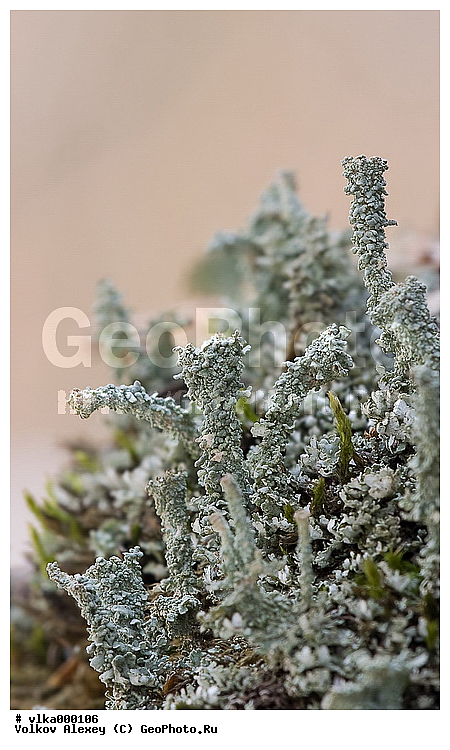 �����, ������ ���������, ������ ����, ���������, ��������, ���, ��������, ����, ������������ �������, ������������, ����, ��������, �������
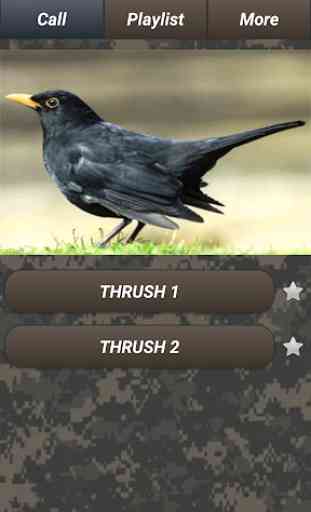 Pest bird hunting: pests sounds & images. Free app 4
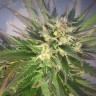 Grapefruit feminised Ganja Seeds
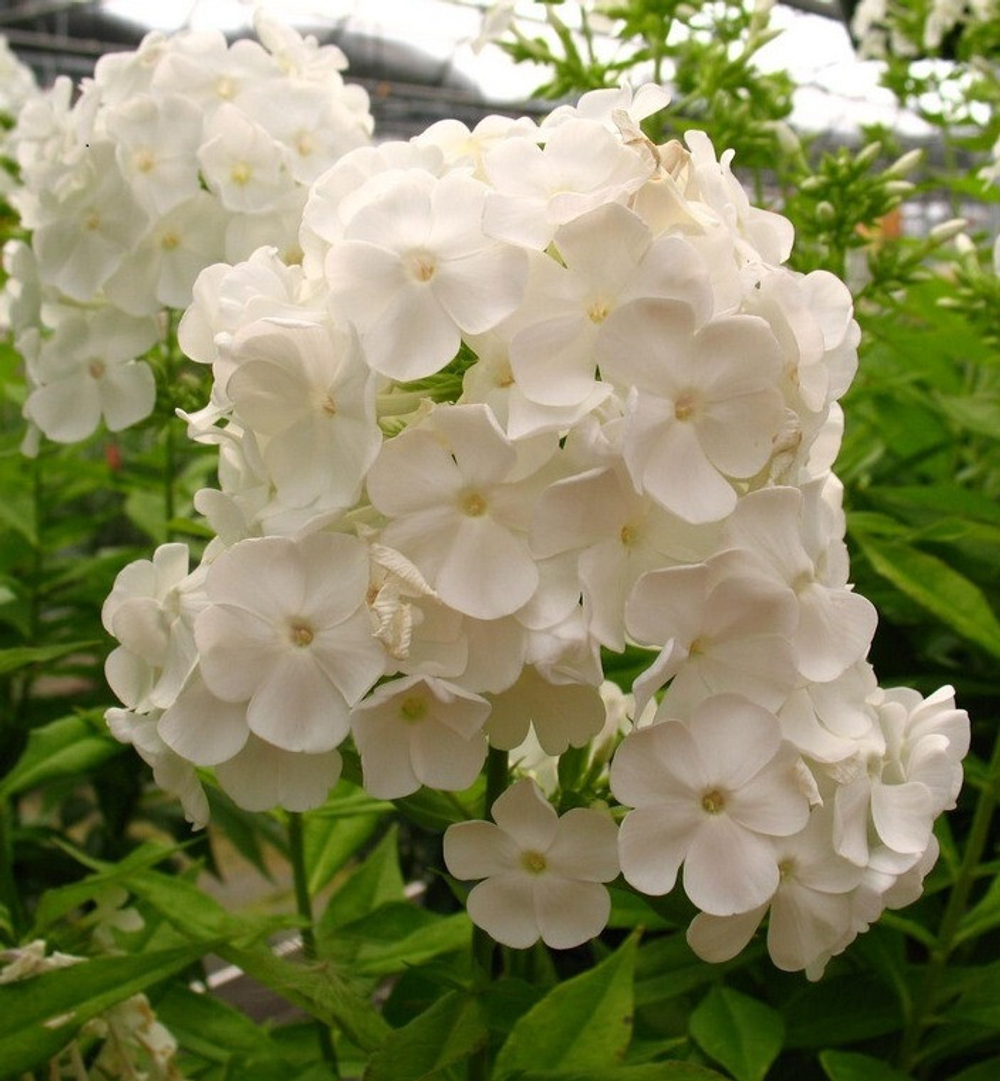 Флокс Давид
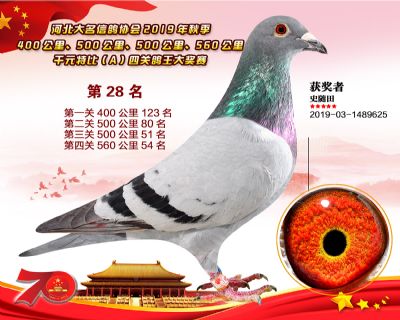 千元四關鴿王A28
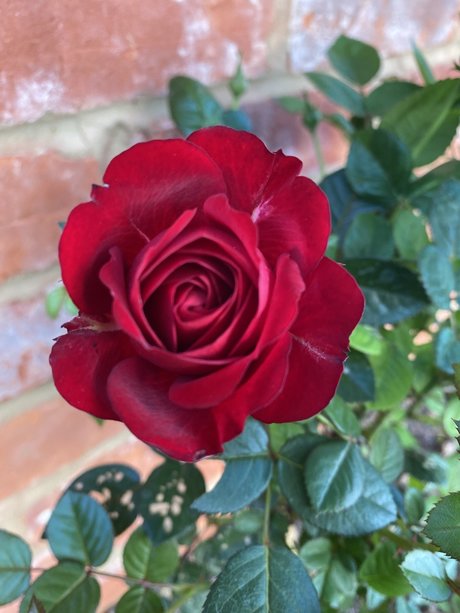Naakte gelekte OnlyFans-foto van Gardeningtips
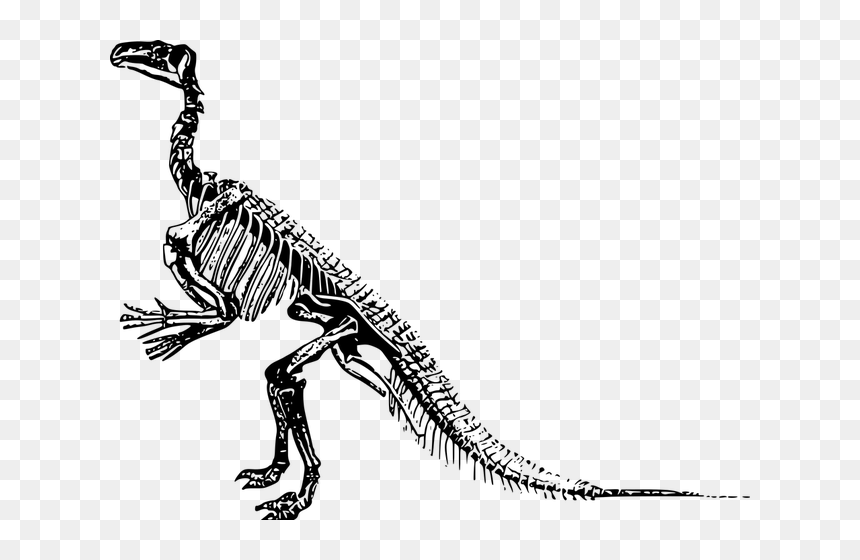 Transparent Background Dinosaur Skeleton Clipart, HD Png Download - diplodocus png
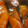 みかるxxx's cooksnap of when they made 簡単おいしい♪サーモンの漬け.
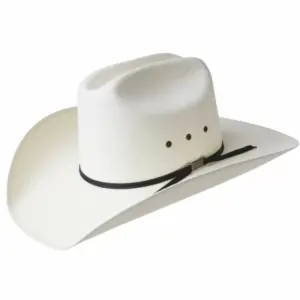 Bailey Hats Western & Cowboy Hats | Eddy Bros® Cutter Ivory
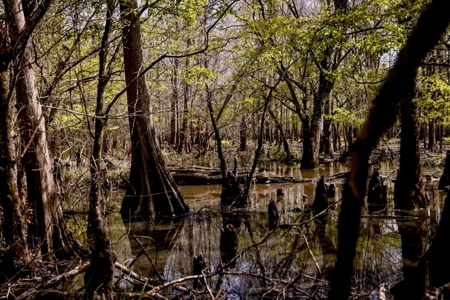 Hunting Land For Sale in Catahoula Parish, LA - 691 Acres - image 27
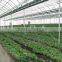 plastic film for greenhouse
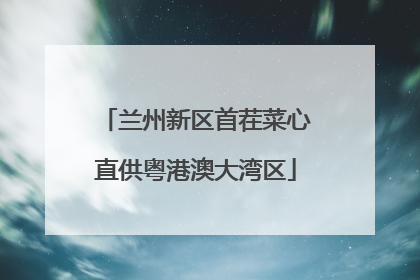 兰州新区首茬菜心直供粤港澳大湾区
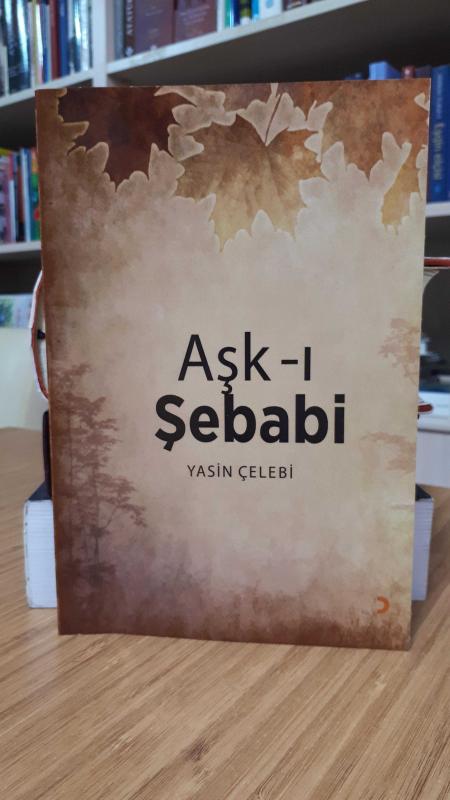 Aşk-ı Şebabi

= = = = = = =

WHAT YOU WILL DO: Here the lines from the one containing "みかるxxx's cooksnap of" through the end of the material are to be copied exactly, with the pictures omitted.

EXERCISE OUTPUT:
 みかるxxx's cooksnap of when they made 簡単おいしい♪サーモンの漬け.
 Bailey Hats Western & Cowboy Hats | Eddy Bros® Cutter Ivory
 Hunting Land For Sale in Catahoula Parish, LA - 691 Acres - image 27
 plastic film for greenhouse
 兰州新区首茬菜心直供粤港澳大湾区
 Aşk-ı Şebabi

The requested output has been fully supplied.